This site spends little time discussing and analyzing central banks’ policies. Some of the media’s preoccupation with central banks reflects an ideological endorsement of command and control SLL does not share. There are people, mostly well-educated, who actually believe that economies with millions of producers, consumers, and businesses, engaging daily in billions of transactions, can be directed by a group of central bank bureaucrats manipulating short-term interest rates and exchanging the government’s debt for their own fiat debt. Historically Efficacious Government and Central Bank Control of Economies is an even shorter book than The Humility of Donald Trump. The titles of both are longer than the contents, but while faith in central banks waxes and wanes, it never dies. Some of the aforementioned preoccupation is journalistic and analytical laziness: it’s easier to speculate and report on central bank statements and policies than it is to determine what’s actually going on with an economy.
SLL devoted two paragraphs to the Fed’s latest move, and the thrust of those paragraphs was that markets had already marked up rates for a substantial segment of borrowers, starting about six months ago, and the Fed, as it usually does, was following the market. The Fed’s zero rate federal funds target took short terms rates lower than they would have been absent that Fed policy. Europe and Japan’s negative interest rates are an even greater distortion from free market rates. However, the global economy was burdened with more debt than it could sustain back in 2008, when the Fed kicked off the global central banks’ easy credit campaign. That excess of debt ensured that interest rates would remain low by historical standards (for the most creditworthy borrowers), whether central banks intervened or not.
Credit expansion and contraction have two constituent elements: psychology and hard economic reality, and the former is more important than the latter. From too indebted in 2008, the global economy has gone to an even more indebted extreme, led by governments and central banks. The change from debt expansion to debt contraction is not based on some hard ratio of debt to ability to service it, but rather on the psychology of the herd changing from optimism to pessimism.
By late last year it was objectively clear that crashing commodity prices, particularly oil, would impair the creditworthiness of commodity producers (see “Oil Ushers in the Depression”). Every debt is someone else’s asset. Fraying creditworthiness, given this accounting identity and the inextricably intertwined nature of credit in the debt-based global economy, will spread from any significant part of the economy to other parts of the economy. Commodities qualify as a significant part of the global economy. They are certainly a bigger sector than the US housing and mortgage-finance market was in 2008, and we need no reminder that the housing implosion turned into the global financial crisis. So it was also objectively clear late last year that deteriorating creditworthiness in commodities would not remain confined to commodities.

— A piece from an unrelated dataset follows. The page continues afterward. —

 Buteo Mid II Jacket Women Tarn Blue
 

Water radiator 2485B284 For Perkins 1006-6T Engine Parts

Nevertheless, it has taken most of this year for the equity herd to get the joke. It has watched the hole of Fed policy and not the doughnut of the global economy and souring credit. Who says they don’t ring a bell at the top? Credit markets have been clanging since mid year. Interest rate spreads on commodity producers debt widened first, followed by financial stress and actual insolvency and bankruptcies in that sector. The stress has spread. What is erroneously referred to as “contagion,” is actually a widening margin call: deteriorating asset prices and shrinking economic activity pressure related industries, forcing cutbacks and asset sales. This contraction has been reflected in financial markets, where deteriorating liquidity for lower-quality credit of all issuers, not just commodity producers, has forced mutual funds and exchange traded funds that invest in those credits, faced with surging redemptions, to either sell at fire sale prices or bar redemptions until, they hope, prices improve.
Markets are nothing if not bipolar, so the stock market staged a euphoric rally after the Fed announced its rate hike Wednesday. However, with the Fed out of the way, it was back to the depressing reality of credit contraction and the shrinking global economy. Thursday the market gave back the entire rally, and Friday the Dow closed down 367 points.

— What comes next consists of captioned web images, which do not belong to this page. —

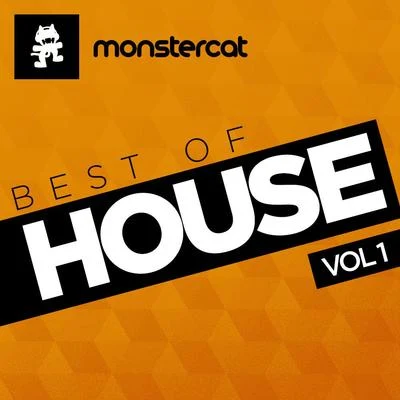 Monstercat Monstercat - Best of House, Vol. 1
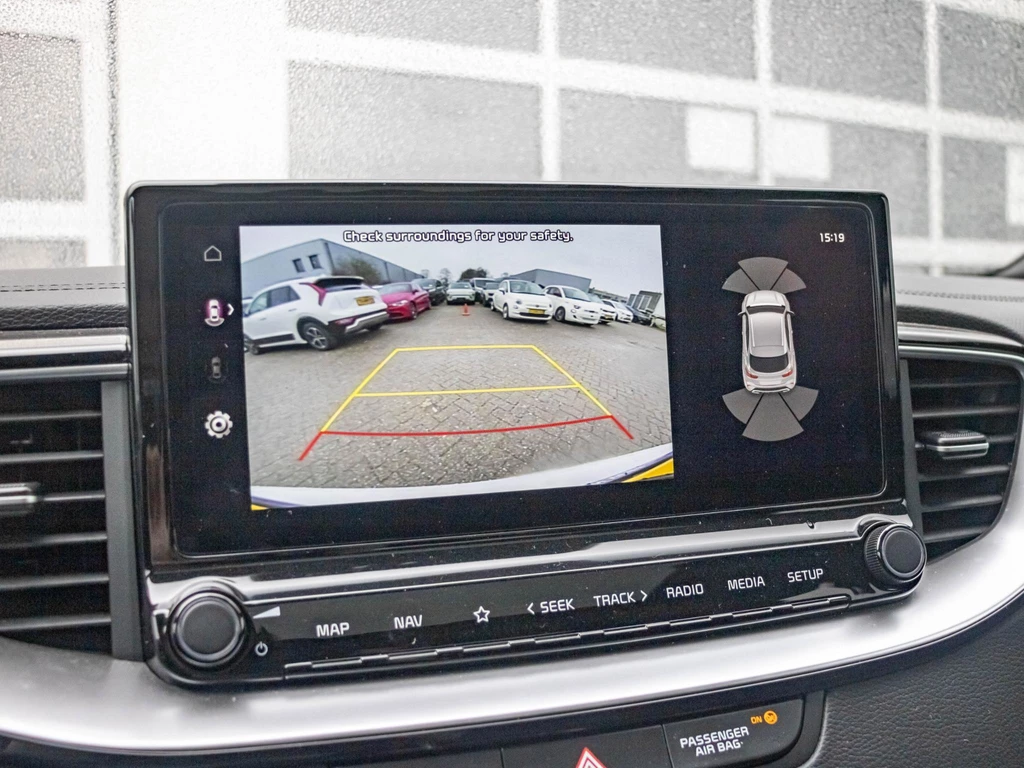 Kia XCeed – foto 17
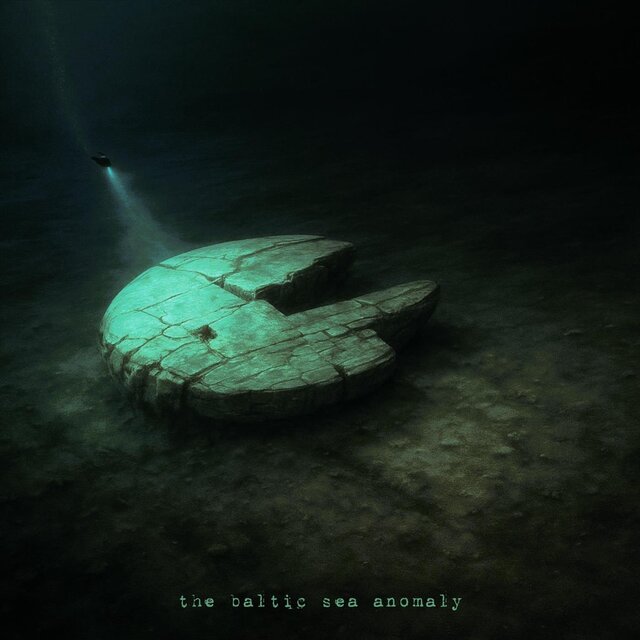 The Baltic Sea Anomaly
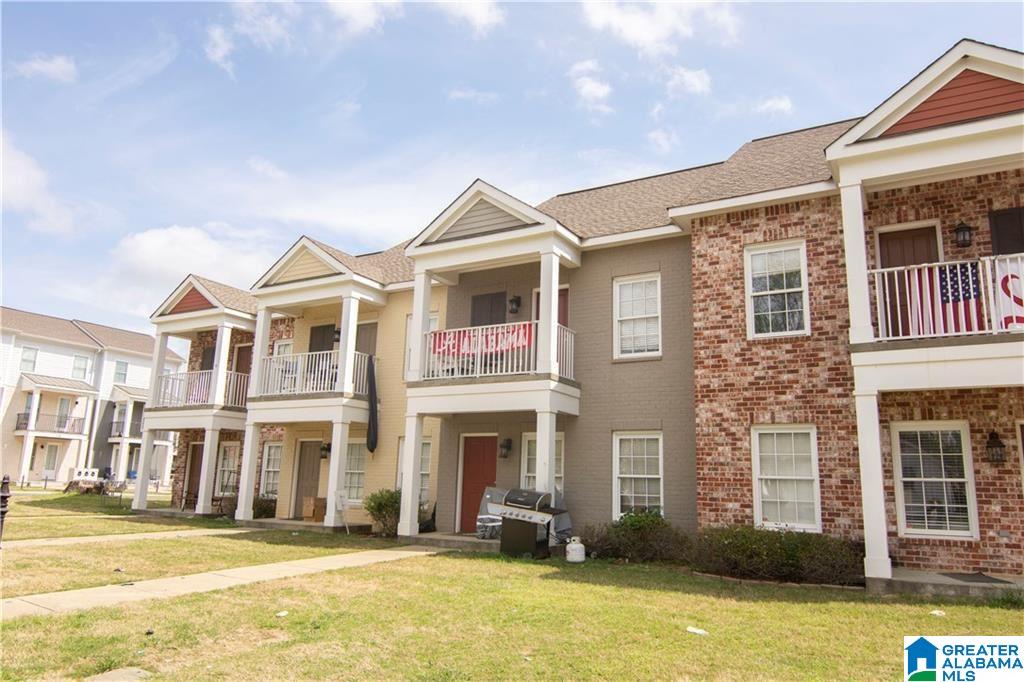 1401 Cloverdale Road Tuscaloosa, AL 35401 - Photo 14 of 14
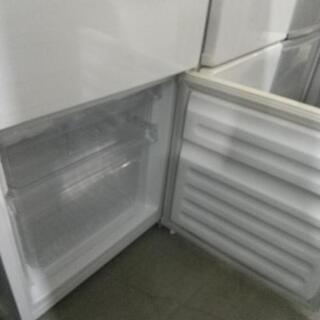 U-ing 冷蔵庫 2015 110l 41302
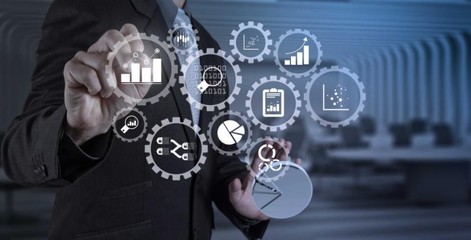 维信金科再次荣登2024上海软件和信息技术服务业百强榜单，彰显科技驱动实力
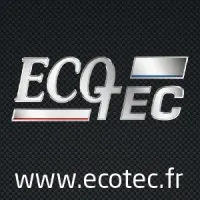 ECOLOGIE ECONOMIE TECHNOLOGIE ECOTEC (ECOTEC) logo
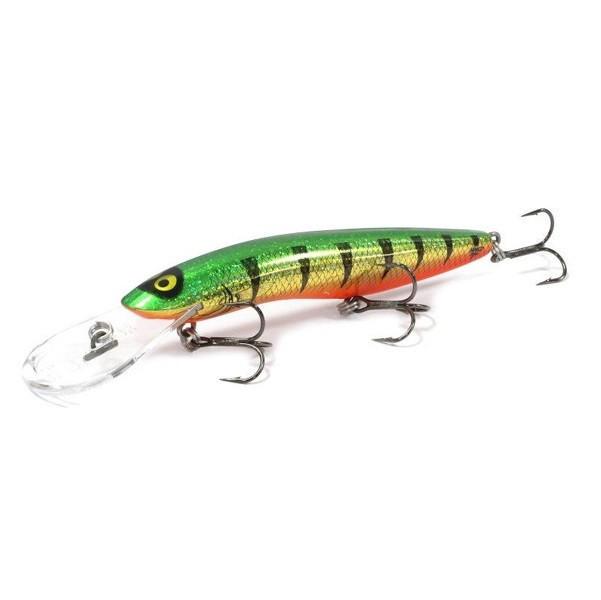 Воблер HALCO SORCERER 125 STD R26 125 мм 20 г заглубление 3 м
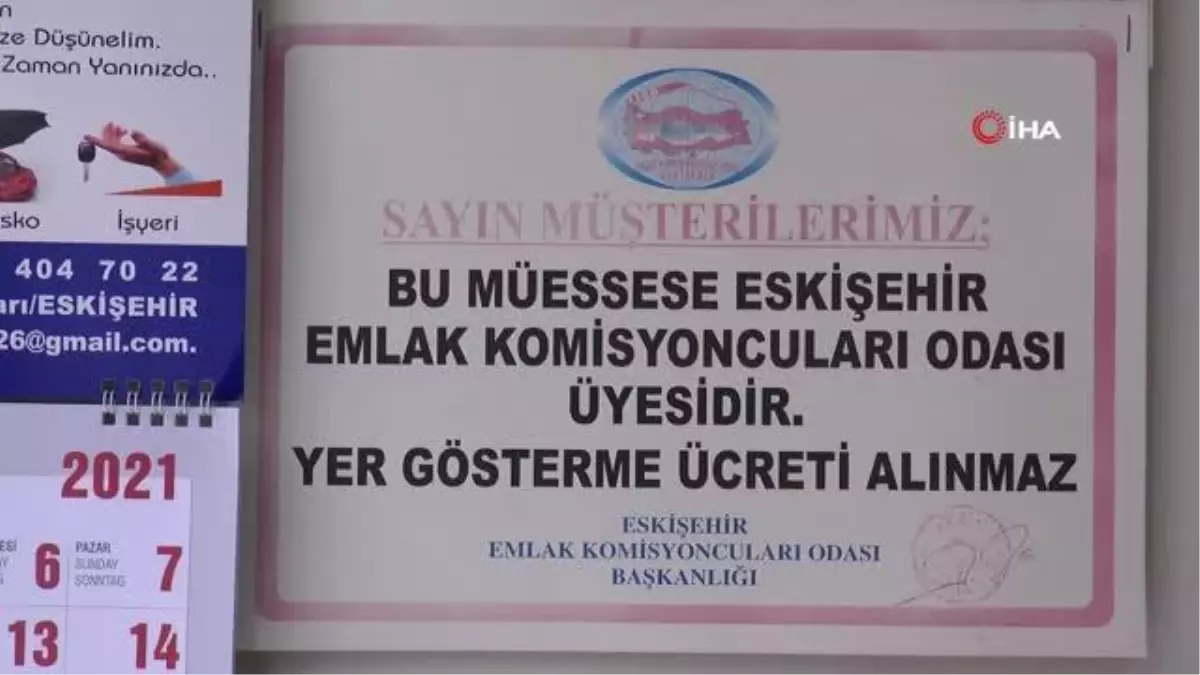 Son dakika haber... Gayrimenkul sektöründe 'köprüden önce son çıkış' 31 Mart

On a day-to-day basis, SLL makes no attempt to predict what markets are going to do. However, if the ever-changing speculative psychology has switched from Fed-preoccupation to contemplation of the abysmal state of the global economy and the ongoing credit carnage, the next two weeks may be “interesting” in the sense of that old Chinese proverb. Many traders and institutions have already closed their books on the year and will not be transacting. Thus, a falling stock market may encounter even less buy-side liquidity than when the herd scatters during “normal” market drops.
Or perhaps the market just meanders, or rallies. Nobody is infallible in these matters, which is why it’s best to stay focused on economic and financial reality. Right now, regardless of what the stock market does before New Year’s, that reality looks bleak.